Впрочем, в их семье все были рослыми, если забыть про малютку Нэнси (которая вымахала всего-то до метра шестидесяти). Когда я спросил Джорджа, как так вышло, тот сказал, что Нэнси, видя мучения сестры в школе, взмолилась Господу, чтобы не вырасти, и ее молитвы были услышаны.

Джордж замолчал, словно обдумывая, стоит ли говорить дальше, затем доверительно склонился над столом.

– Клаудия фантазировала о всяком… Не знаю, говорила ли она вам… про инцест?
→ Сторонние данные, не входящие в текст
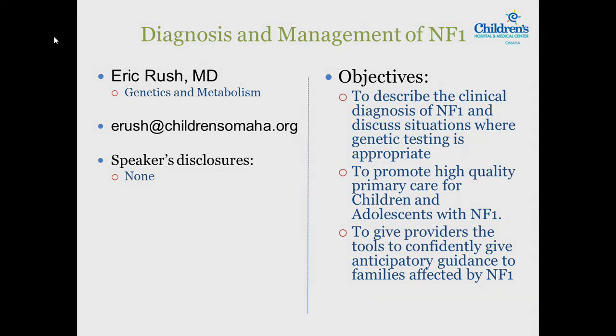My name is Eric Brush and I am a clinical geneticist at the University of Nebraska Medical Center and at Children's Hospital and Medical Center. Today I'm talking about the diagnosis and management of neurofibromatosis type 1. Our objectives are to describe the clinical diagnosis of NF1, discuss situations where genetic testing is appropriate, promote high quality primary care for children and adolescents with NF1, and give providers tools for anticipatory guidance to affected families.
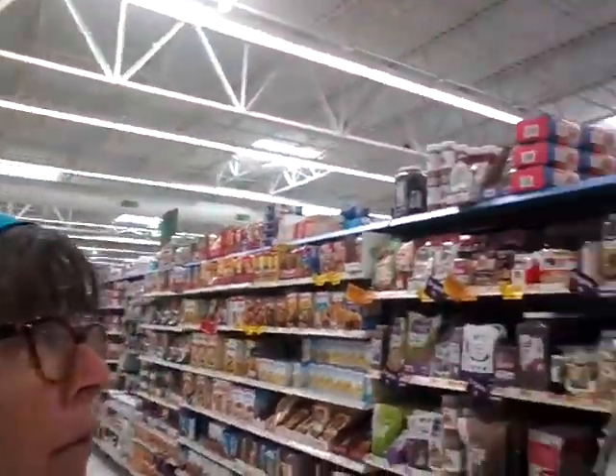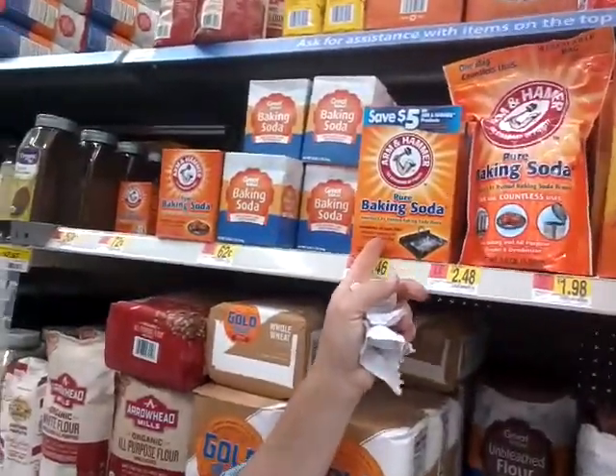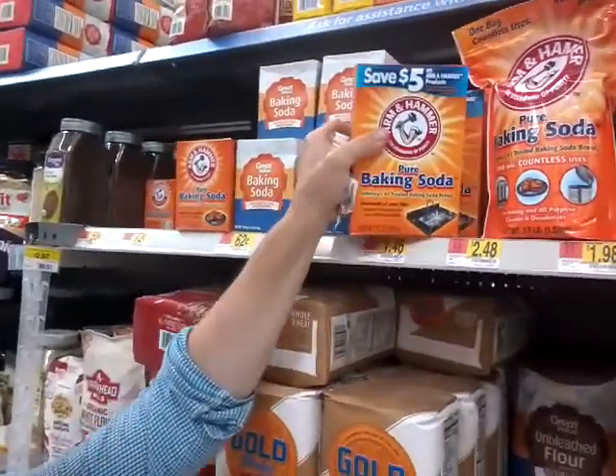Here I am at our favorite store that sells everything in the world and is putting all other stores except Amazon out of business, with a life hack for you. I am here buying this right here — pure baking soda. It costs $1.46 for this container.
Я промолчал. Теперь понятно, почему она предпочитала не распространяться о своем детстве.

– Так вот, это все выдумки. Марта сказала, что верит мне. Вы же знаете, я так поступить не мог. И Нэнси сказала, что в эти бредни не верит. Она вроде разговаривала с вами недавно…

– Что-нибудь еще? – спросил я.

– Дайте-ка подумать… Ах да, она [Клаудия] всем рассказывала, что Марта была проституткой. Ну, это уж точно бредятина. Кроме того, Клаудия собиралась заявить в полицию, что я из мафии: надо, мол, устроить за мной слежку.

Мы оба рассмеялись.

– Да уж… – вздохнул Джордж. – Я тогда не знал, что мне и думать. К счастью… – Он вытащил из кармана билет Ордена полицейского братства[18]. – У меня есть эта штука, подписанная Дьюи Стоуксом, их президентом. Он от штата Огайо, а есть еще и федеральный. Такую бумагу мало кому дают. Так что я вроде как свой, и в полиции об этом знают.

– Клаудия никогда не рассказывала мне ни про вас, ни про Марту.

Джордж радостно кивнул.

– Я всегда был перфекционистом. И детей старался воспитывать так, чтобы они делали свое дело с душой. У нас в семье даже поговорка есть: «Кто устроил бардак, тот его и разгребает». И так – во всем.

* * *

Когда я через несколько дней после этого беседовал с Нэнси, та сказала, что Клаудия «испытывала слишком сильную привязанность [к Дэвиду], а тот не отвечал ей взаимностью – отсюда все и пошло».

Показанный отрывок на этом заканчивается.